Pour peu qu'on y pense, on comprendra bientôt que ce profond respect pour les morts, pour ceux à qui nous ne pouvons plus faire ni bien ni mal,. n'est qu'un vain prétexte quand on l'oppose au bien-être de la génération actuelle, et que ce prétexte couvre quelque autre dessein.

Envisageons d'abord la question sous le point de vue de l'utilité.
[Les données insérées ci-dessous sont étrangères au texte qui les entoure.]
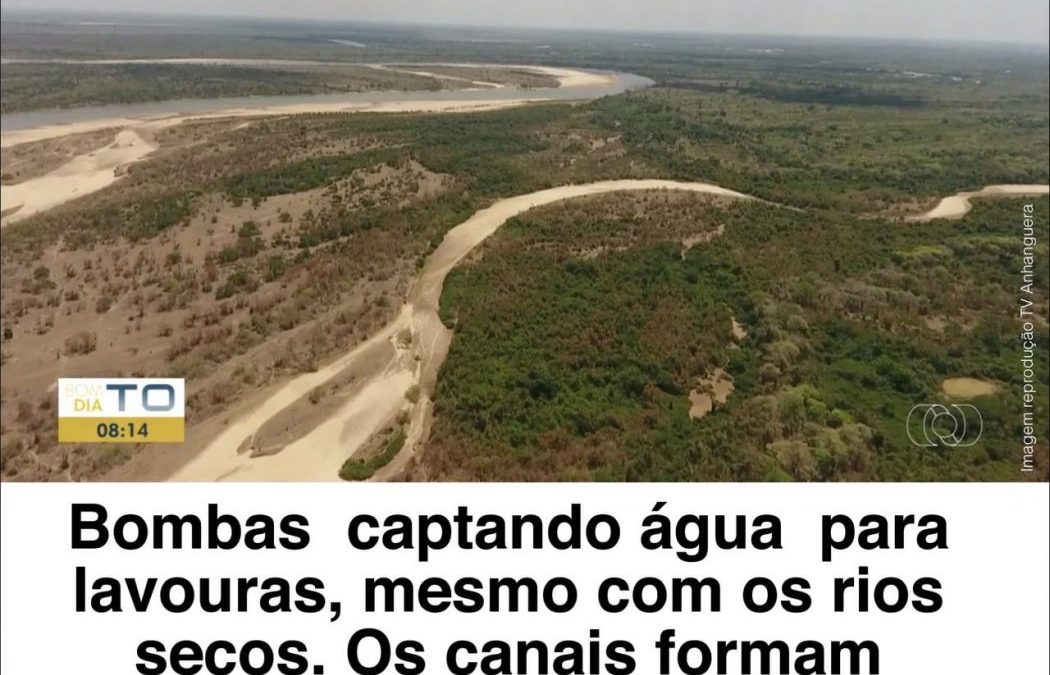 CIMI: Bacia do Rio Formoso (TO) pede socorro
A chaque période donnée, le souverain actuel a tous les moyens de s'éclairer sur les circonstances et les besoins qui peuvent requérir telle ou telle loi.

Relativement à l'avenir, il s'en faut bien qu'il ait les mêmes moyens d'information. Ce n'est que par conjecture, par une vague analogie, qu'il peut former un jugement sur ce que les circonstances pourront exiger dans dix ou vingt ans; et qu'est-ce que ce jugement pour une époque plus. reculée ?

Or, pour tout cet avenir sur lequel la prévoyance à si peu de prise, voilà le gouvernement transféré de ceux qui auront tous les moyens possibles de bien juger, à ceux qui ont été dans l'incapacité d'y rien connaître !

Nous, les hommes du dix-neuvième siècle, au lieu de consulter nos propres intérêts, nous nous laisserons guider aveuglément par les hommes du dix-huitième.

Nous, qui avons la connaissance des faits et tous les moyens de former un jugement éclairé sur l'objet en question, nous nous soumettrons à la décision d'une classe d'hommes qui n'ont pu avoir aucune des connaissances relatives.